Petani cerdas tentu saja akan menanam benih taqwa di lahan kalbunya dan membiarkan benih fujur tumbuh kerdil dan merana. Dia akan memupuk benih taqwa itu dengan Al-Qur`an dan Sunnah sebagai hara utama. Lalu menyiraminya dengan air hikmah, berupa ucapan dan perilaku para salafush shalih. Bersamaan dengan itu, dia juga berusaha menjauhi segala bentuk maksiat agar tanaman terhindar dari hama dan penyakit. “Dan tanah yang subur, tanamannya tumbuh baik dengan izin Allah, sebaliknya tanah yang gesang tanamannya tumbuh kerdil...” (QS Al-A’raf: 58).

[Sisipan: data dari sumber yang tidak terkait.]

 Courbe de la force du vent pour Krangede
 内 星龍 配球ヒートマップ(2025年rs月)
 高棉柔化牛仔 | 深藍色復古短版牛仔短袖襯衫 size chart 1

Tanaman seperti inilah yang diumpamakan oleh Allah Swt. dalam QS Ibrahim: 24-25, “Tidakkah
engkau perhatikan bagaimana Allah telah membuat perumpamaan kalimat
yang baik seperti pohon yang baik, akarnya teguh dan cabangnya menjulang
ke langit. Pohon itu memberikan buahnya pada setiap musim dengan izin
Rabbnya. Allah membuat perumpamaan-perumpamaan itu untuk manusia supaya
mereka selalu ingat.”
Betapa
indah pohon taqwa Rasulullah Saw. Banyak orang melemparinya dengan
batu, cacian, dan berbagai fitnah, tapi beliau selalu membalasnya dengan
buah senyum dan kasih sayang. Begitu pula dengan pohon taqwa Abu Bakar,
Umar, Ustman, Ali, dan para sahabat lainnya yang selalu berbuah akhlaqul karimah.

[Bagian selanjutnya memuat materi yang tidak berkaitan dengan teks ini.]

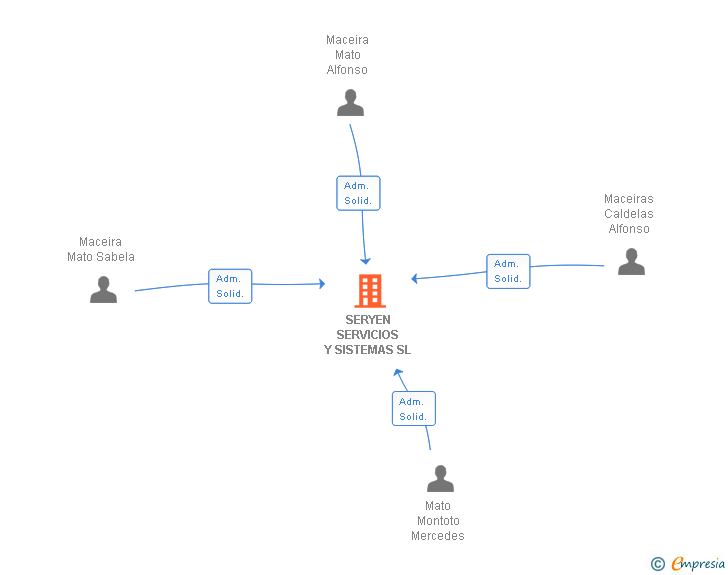 Vinculaciones societarias de SERYEN SERVICIOS Y SISTEMAS SL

Mereka, generasi pertama Islam yang selalu menjadikan Al-Qur`an dan
Sunnah sebagai referensi utama, hingga ‘Aisyah Ra. menyebut akhlak
Rasulullah Saw. sebagai khuluquhul Qur`an (akhlak Rasulullah
adalah Al-Qur`an). Bahkan Rasul Saw. pernah marah melihat Umar Ra.

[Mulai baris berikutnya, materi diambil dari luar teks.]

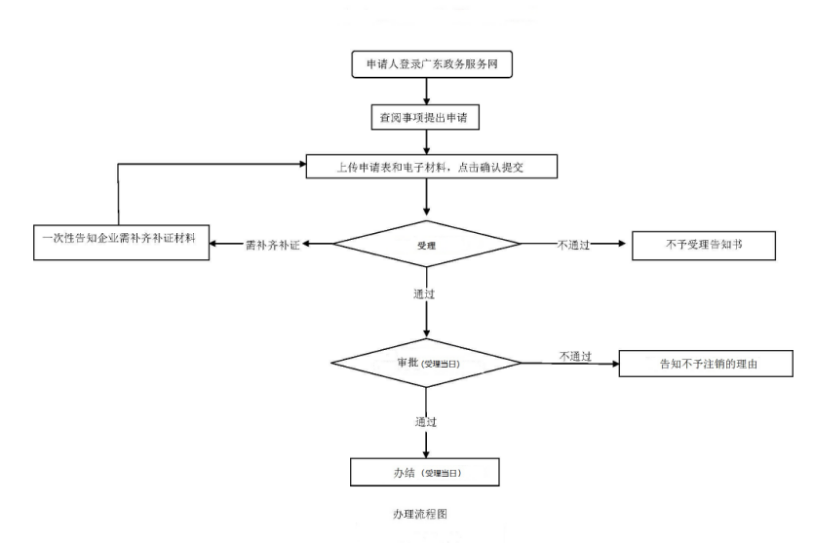 医疗器械需要什么资质办理医疗器械生产许可证的条件及全流程_https://www.jmylbn.com_新闻资讯_第7张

membawa lembaran-lembaran Taurat. “Demi Allah, andai saja Musa As. hidup
di belakang kalian, pastilah tak ada yang dilakukannya kecuali ia akan
mengikuti ajaranku,” tegur beliau.
Bagimana
dengan generasi Islam saat ini, apa yang menjadi referensi utama mereka
dalam berucap dan bertindak? Pertanyaan inilah yang harus dijawab oleh
para orang tua dan pemimpin Islam saat ini. Wallahu a’lam. (Syamsu Hilal).